My self confidence has been at a low for a minute now. I just don’t feel like I am as handsome as everyone has told me. I know what you're thinking “Wow, this guy is vain as fuck.” I really am not, but that was one of the only compliments I got growing up.
I was constantly picked on because I was smart, I was fat, I was sensitive, and the list goes on and on. Dealing with these self confidence issues, throwing in my depression and lack of a social life right now because of my work schedule has pretty much left me single as fuck, stressed out, and my weight going up and down. It's mad annoying.
Having attractive friends don’t help either, they could be the center of attention at a gathering and you are faded into the background. It's crazy, am I jealous of my friends? Could this really be happening? Well it would not be the first time. Not to mention, they people hitting me up and flirting are usually not my type or something is missing with them.
After my last ex, I no longer date anyone who isn't working on their whole self. Meaning, if you are not constantly working on your mental, spiritual, emotional, financial, and career self than I do not want to be bothered. I can not date someone who isn't trying to constantly better themselves. I know my worth and my partner or partners need to understand that in order for us to make it we need to constantly push ourselves to the next level, but i digress to my thoughts about my beauty.
I have always been super self conscience of my size. I have always been a big, awkwardly shaped person that never understood how my body grew into this. Like fareal, its crazy. I always had to settle for these people obsessed with dating someone who is big which is weird to me and very objectifying. I do not body shame nor do I refuse to date someone based on their body. Face, yes, I mean, I have to wake up to that every morning lol, but body wise I'm pretty open. It crazy though that I have to constantly remind myself that my body is beautiful regardless of how much weight is on there. I looked in the mirror today and I was so happy and content with how my body looked I smiled, which never happens. Even though I was at a party the night before and no one even gave me the slightest attention. I was smiling.
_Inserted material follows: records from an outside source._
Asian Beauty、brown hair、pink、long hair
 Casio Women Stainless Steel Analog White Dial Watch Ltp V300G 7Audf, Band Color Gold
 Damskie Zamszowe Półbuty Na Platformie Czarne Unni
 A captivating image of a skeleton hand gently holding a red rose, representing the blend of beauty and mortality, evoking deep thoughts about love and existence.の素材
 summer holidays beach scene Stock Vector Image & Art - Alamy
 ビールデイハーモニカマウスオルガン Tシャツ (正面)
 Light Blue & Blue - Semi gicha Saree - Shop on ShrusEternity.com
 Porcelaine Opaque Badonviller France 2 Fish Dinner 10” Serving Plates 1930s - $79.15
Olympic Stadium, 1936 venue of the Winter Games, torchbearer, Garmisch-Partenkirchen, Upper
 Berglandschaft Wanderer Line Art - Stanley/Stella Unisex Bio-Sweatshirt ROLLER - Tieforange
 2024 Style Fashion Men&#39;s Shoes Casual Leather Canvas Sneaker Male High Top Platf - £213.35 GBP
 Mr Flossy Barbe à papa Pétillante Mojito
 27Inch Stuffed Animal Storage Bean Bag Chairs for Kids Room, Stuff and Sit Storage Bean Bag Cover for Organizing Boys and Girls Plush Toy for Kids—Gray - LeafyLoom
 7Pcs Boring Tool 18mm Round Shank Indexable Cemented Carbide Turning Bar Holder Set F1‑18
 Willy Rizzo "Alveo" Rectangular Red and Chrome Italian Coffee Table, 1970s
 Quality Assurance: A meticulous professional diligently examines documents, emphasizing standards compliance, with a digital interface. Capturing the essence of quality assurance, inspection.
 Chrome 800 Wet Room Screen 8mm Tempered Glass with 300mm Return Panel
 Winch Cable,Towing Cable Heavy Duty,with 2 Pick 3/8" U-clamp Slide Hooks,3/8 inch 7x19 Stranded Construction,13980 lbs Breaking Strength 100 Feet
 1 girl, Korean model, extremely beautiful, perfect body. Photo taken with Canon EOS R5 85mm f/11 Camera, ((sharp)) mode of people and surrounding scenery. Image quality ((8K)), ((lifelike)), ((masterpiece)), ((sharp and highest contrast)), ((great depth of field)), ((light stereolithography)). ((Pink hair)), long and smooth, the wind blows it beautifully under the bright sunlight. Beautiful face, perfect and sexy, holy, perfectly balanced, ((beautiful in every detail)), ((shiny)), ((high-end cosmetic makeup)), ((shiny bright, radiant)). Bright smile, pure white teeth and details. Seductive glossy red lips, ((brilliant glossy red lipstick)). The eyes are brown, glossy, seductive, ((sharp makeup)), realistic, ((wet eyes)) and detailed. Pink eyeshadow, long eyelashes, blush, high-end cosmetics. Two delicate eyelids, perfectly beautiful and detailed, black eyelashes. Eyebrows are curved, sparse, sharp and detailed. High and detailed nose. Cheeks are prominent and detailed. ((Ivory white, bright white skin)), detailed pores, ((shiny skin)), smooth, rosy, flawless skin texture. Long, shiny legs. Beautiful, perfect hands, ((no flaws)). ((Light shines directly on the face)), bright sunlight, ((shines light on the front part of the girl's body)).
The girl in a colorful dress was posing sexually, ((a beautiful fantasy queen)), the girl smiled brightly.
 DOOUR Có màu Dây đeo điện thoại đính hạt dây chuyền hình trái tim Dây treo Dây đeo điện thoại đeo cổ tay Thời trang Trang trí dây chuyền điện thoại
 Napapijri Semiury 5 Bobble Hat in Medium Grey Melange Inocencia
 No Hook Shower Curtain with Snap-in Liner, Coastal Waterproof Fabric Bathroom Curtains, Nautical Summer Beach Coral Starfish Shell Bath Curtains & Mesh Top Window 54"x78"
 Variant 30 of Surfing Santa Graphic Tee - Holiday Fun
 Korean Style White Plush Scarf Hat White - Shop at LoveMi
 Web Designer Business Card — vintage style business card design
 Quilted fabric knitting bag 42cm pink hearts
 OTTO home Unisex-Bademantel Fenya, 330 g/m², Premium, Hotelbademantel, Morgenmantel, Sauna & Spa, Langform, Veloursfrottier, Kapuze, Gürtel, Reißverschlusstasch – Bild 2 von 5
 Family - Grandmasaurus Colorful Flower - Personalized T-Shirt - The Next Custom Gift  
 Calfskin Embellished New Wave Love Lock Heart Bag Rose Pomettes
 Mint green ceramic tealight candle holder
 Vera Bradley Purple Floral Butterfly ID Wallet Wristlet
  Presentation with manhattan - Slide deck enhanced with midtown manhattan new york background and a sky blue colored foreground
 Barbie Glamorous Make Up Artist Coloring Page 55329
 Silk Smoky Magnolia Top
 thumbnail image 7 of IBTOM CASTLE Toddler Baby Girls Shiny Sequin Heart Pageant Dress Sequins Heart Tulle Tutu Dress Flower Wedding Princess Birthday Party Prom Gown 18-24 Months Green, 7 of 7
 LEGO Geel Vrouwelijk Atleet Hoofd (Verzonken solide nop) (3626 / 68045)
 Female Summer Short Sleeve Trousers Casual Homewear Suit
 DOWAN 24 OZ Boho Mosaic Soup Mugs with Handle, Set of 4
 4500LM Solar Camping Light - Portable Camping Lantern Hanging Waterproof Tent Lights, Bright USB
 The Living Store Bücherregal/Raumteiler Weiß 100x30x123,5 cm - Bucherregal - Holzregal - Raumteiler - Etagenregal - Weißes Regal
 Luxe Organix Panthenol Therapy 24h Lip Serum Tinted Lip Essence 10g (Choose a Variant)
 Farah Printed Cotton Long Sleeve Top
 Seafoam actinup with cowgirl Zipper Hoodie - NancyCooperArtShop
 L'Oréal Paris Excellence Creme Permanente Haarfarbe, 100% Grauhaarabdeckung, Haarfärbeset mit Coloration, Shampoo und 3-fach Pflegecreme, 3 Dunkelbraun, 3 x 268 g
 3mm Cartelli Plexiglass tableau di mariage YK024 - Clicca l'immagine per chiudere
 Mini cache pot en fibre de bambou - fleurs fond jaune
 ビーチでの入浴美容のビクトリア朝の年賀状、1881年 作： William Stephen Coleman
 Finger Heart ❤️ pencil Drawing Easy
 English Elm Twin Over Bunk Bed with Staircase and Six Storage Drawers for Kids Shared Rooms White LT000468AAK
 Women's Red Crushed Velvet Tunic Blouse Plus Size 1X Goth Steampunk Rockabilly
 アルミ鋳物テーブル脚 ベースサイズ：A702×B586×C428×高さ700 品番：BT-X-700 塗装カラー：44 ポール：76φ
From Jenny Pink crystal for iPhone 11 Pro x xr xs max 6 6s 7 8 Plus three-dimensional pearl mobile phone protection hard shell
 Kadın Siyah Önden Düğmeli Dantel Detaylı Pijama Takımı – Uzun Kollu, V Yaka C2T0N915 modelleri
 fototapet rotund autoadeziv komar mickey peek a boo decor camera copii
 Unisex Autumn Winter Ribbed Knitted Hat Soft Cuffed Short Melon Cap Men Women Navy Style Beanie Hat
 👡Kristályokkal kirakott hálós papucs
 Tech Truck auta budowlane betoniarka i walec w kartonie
The craziest part about this whole phenomenon is the fact that I was questioning my looks. The very essence of what keeps me going. I am not saying I have the cheekbones of a Greek God or anything, but I am one handsome son of a bitch and the fact I let the world try and change my perspective on that is ludacris. But where are the role models for me?
In this new trend of BBW and black girl magic, it seems the world had forgotten the male side of things. I have found that we have to self motivate and start are own trends and looks to ensure that we are being represented. I will never be at a size where it wont be hard to shop for things. I have accepted it, but I actually love it. I wish there were more people like me that are represented in the media.